Die Stunde Der Toechter
Johanna am Vorabend bereits beobachtet. Tamara aß schnell, intensiv und wenig. Johanna schenkte Wein ein und gab Tamara ein Glas. Sie prosteten sich zu. Der Roquefort schmeckte wunderbar mit den Birnen zusammen.
»Ich erzähle dir jetzt eine Geschichte von meinem Großvater.« Tamara steckte sich ein Stück Tomme in den Mund. »Damit du verstehst, warum ich nicht zu seiner Beisetzung gegangen bin.« Sie hatte bereits genug gegessen und legte sich wieder auf den Rücken. »Meine Tante Marianne war die Nachzüglerin der Familie. Sie ist fast zehn Jahre jünger als Bruno, mein Onkel. Er ist der Älteste. Meine Großmutter ist gestorben, als Marianne drei oder vier war. Danach hat mein Großvater sie als seinen Privatbesitz betrachtet. Das Blöde war nur, dass sie eigensinnig war. Und frühreif. Mit dreizehn hatte sie bereits einen Freund. Er war sechzehn. Es war die große Liebe. Der Junge kam nicht aus Burgdorf, sondern von einem Kaff aus der Umgebung. Mein Großvater hat seiner Tochter verboten, den Jungen zu treffen. Sie sei noch zu jung für einen Freund. Er hat sie in ihrem Zimmer eingesperrt. Da sind die beiden Verliebten zusammen ausgerissen. Nach Zürich. Das war in den Siebzigerjahren. Punk kam auf. Sie hat mir erzählt, dass sie The Clash gesehen hat. Im Volkshaus. Kannst du dir das vorstellen? Meine Tante Marianne auf einem der ersten Punkkonzerte?« Sie setzte sich auf. »Hast du mir eine Zigarette, Jeanne?« Johanna steckte zwei an und gab Tamara eine. »Großvater muss gekocht haben vor Wut. Er hat seine Tochter polizeilich suchen lassen. Und den Jungen angezeigt wegen Nötigung. Dessen Vater ebenfalls. Wegen Vernachlässigung der elterlichen Aufsichtspflicht. Die Polizei hat sie tatsächlich nach Hause gebracht. Ein paar Monate später hatte Marianne einen dicken Bauch. Großvater wollte abtreiben lassen. Es war zu spät. Sie hat es so lange wie möglich verheimlicht. Da hat er ihr nach der Geburt das Kind weggenommen und zur Adoption freigegeben. Das war einfach. Sie war minderjährig.« Tamara blies Rauch in den Himmel. »Dann hat er Marianne eingeschlossen. Bis sie achtzehn war, durfte sie nicht mehr alleine aus dem Haus. Mein Vater musste sie überallhin begleiten. Zum Schwimmen und so. Und später, als sie volljährig wurde, war sie so eingeschüchtert, dass sie sich kaum etwas zutraute.« Tamara steckte die Zigarette in die Erde. »Die Familie des Jungen hat er ebenfalls fertiggemacht. Wirtschaftlich. Die hatten irgendein Geschäft. Mein Großvater hat dafür gesorgt, dass es pleitegegangen ist.«
Johanna schenkte Wein nach. Aber sagte nichts.

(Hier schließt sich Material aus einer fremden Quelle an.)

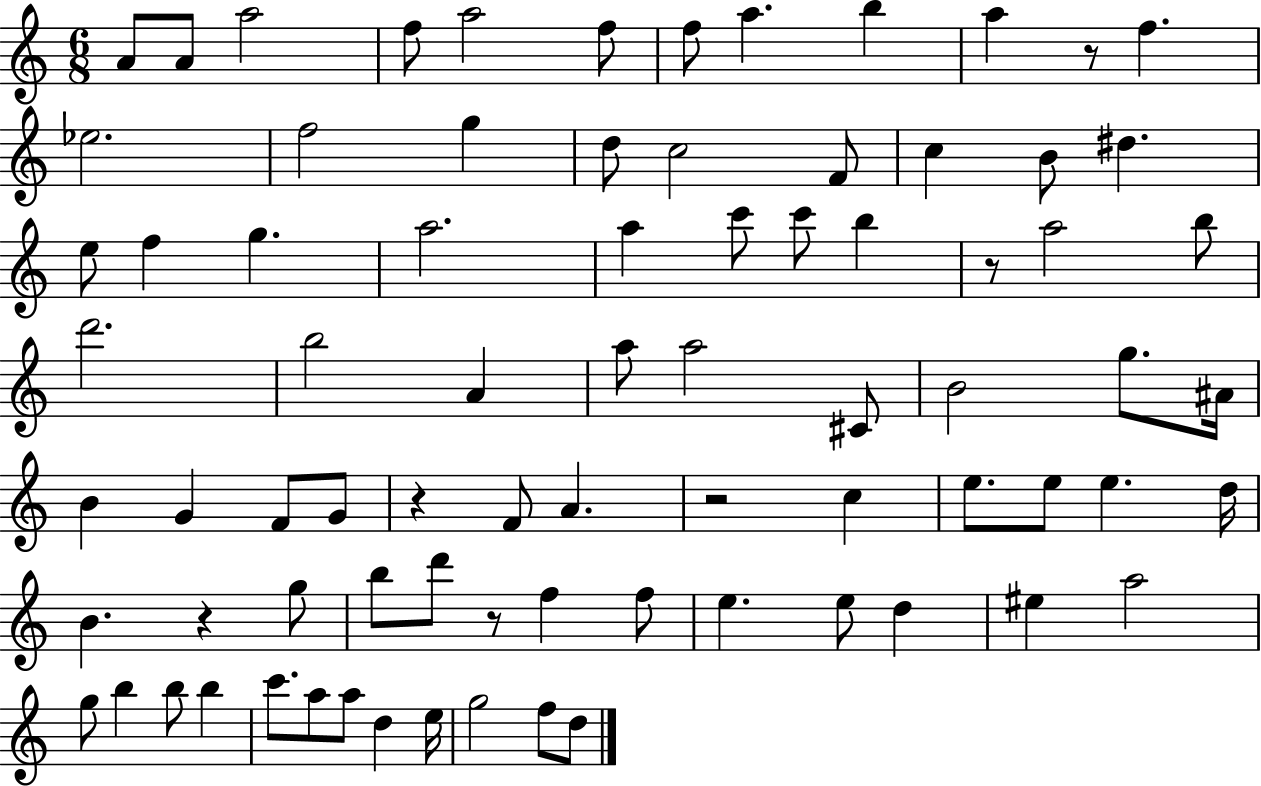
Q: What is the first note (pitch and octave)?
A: A4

»Marianne ist in einer psychiatrischen Klinik gelandet. Irgendwann einmal ist eine Therapeutin auf die Idee gekommen, dass sie ihr Kind kennenlernen müsse. Für meinen Großvater wäre das natürlich nie und nimmer infrage gekommen. Er war immer noch einflussreich in Burgdorf. Marianne konnte nicht einfach zur Vormundschaftsbehörde gehen und fragen, wer ihr Kind adoptiert habe. Das hätte der Alte sofort erfahren. Also hat sie versucht, es heimlich herauszufinden. Mein Vater hat ihr dabei geholfen. Das geht nicht so einfach. Aber man kann das machen. Über eine Adoptionsorganisation. Das hat geklappt. Mariannes Tochter ist im Wallis aufgewachsen. Die beiden treffen sich regelmäßig. Seither geht es meiner Tante besser.« Tamara bewarf Johanna mit einem Steinchen. »Das ist ein Familiengeheimnis. Das darfst du nicht verraten.« Sie drehte sich auf den Bauch. »Ich hoffe, dass Marianne es dem Alten noch gesagt hat, bevor er krepiert ist.«
Johanna trank den Wein aus. »Lass uns baden gehen, Tam.«
16.
Der Polizist und die Hure. Sie waren zusammen alt geworden. Köbi hatte keine Ahnung, wann er das erste Mal bei ihr gewesen war. Jedenfalls vor der Geburt seiner Tochter. Zur Feier derselben hatte sie ihm gratis Französisch angeboten. Das gleiche Angebot hatte sie ihm nur noch einmal gemacht. Nach seiner Herzoperation. »Das ist ein Test für deine Pumpe«, hatte sie gesagt. »Quasi medizinisch.« Er hatte beide Male bezahlt. Beim ersten Mal hatte sie ihm als Ersatz für das ausgeschlagene Angebot ein Plüschtier geschenkt. Einen Tiger. »Für die kleine Bohne.« Daraufhin war er ins Spital geeilt und hatte der Säuglingsschwester das Tierchen gegeben, damit sie es in das Kinderbett legte.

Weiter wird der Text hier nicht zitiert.